There. I said it. I don’t even like peanut butter, or peanuts for that matter…. Unless they’re covered in chocolate. I’ll eat possibly anything covered in chocolate actually. However unfortunately while cocoa is a plant and plants have leaves, chocolate is not acceptable as salad. Boo.
This is my solution: Reese’s Peanut Butter Cups – gym bunny style.
Took these in to my fabulous PT Jim (@JimInTheGym) with TrewHealth and all but one were gone by the time I finished my session.
These are super easy to make too, require no cooking and no sharp objects (unless you choose to use a stick blender) so are kiddie-helper friendly.
They are GLUTEN, SUGAR, DAIRY FREE. If you have peanut allergies you can sub the peanut butter for almond butter or homemade hazelnut butter (hazelnut version tastes amazing b-t-dubs).

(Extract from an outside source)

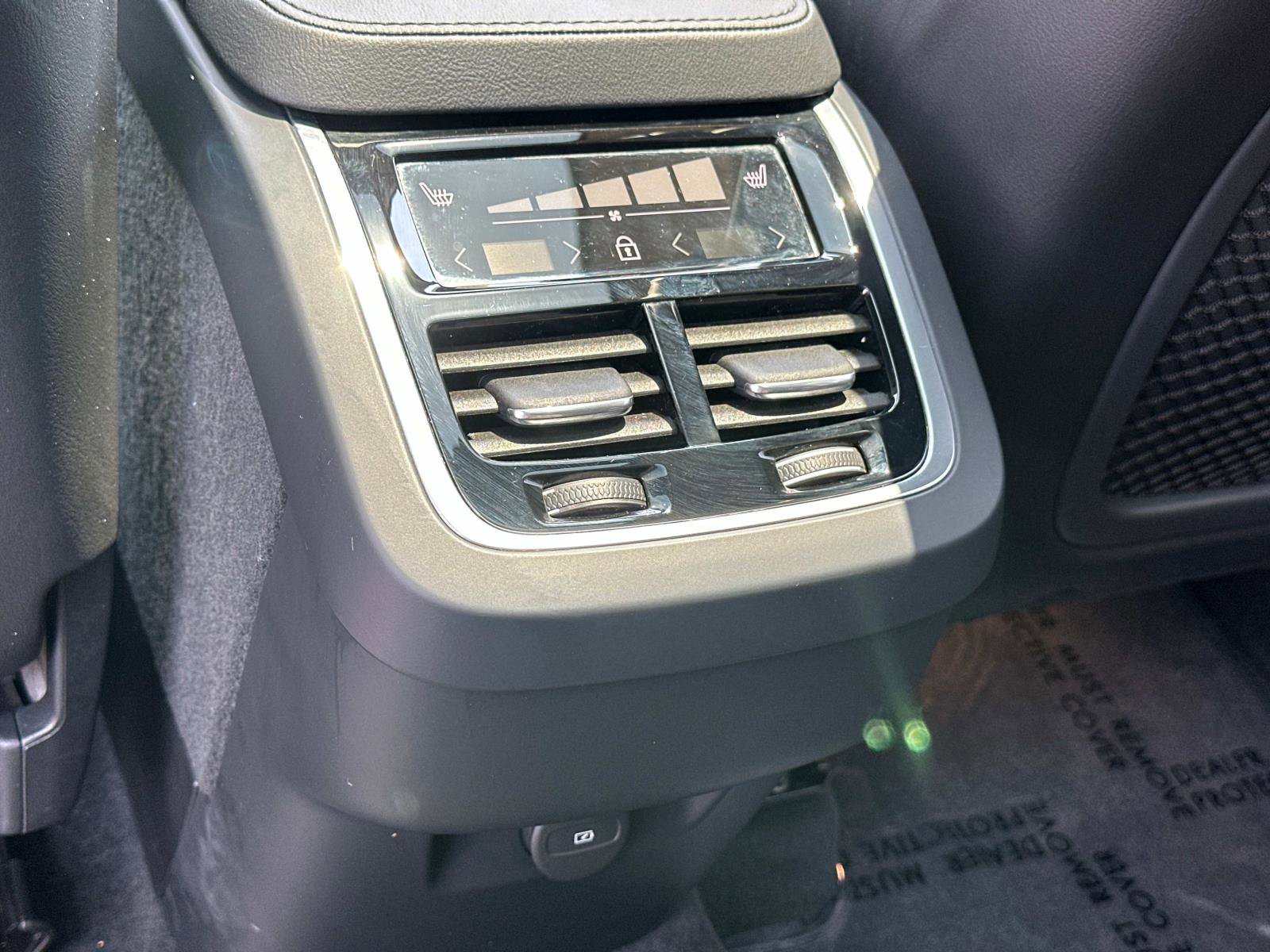 Certified 2025 Volvo XC90 B6 Plus image 22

I don’t have exact amounts but just go with what feels/tastes good to you.
YOU’LL NEED
In a bowl, mix equal parts coconut oil & peanut butter. You can use a stick blender or stick it in the microwave for a few seconds to soften the coconut oil.
Split mix into two bowls.
Into one bowl add stevia to taste and a few heaped dessert spoons of desiccated coconut. Mix thoroughly.
Into the other bowl add 2-3 heaped dessert spoons of raw cacao (you can use cocoa but it is more processed and has fewer antioxidants) and stevia to taste.
You can totally tell I’m not a food photographer.
Mini cupcake tins are the best for this. You don’t need to use papers as the mix (being high in oil) won’t stick but I do anyway.
Spoon one of you mixtures into each pan, half filling them.
Then, spoon your other mixture on top until the pans are full.
Top with some shredded coconut if you like and you’re good to go! Put them in the fridge for 1-2 hours to set then enjoy. Keep these in the fridge to stay firm.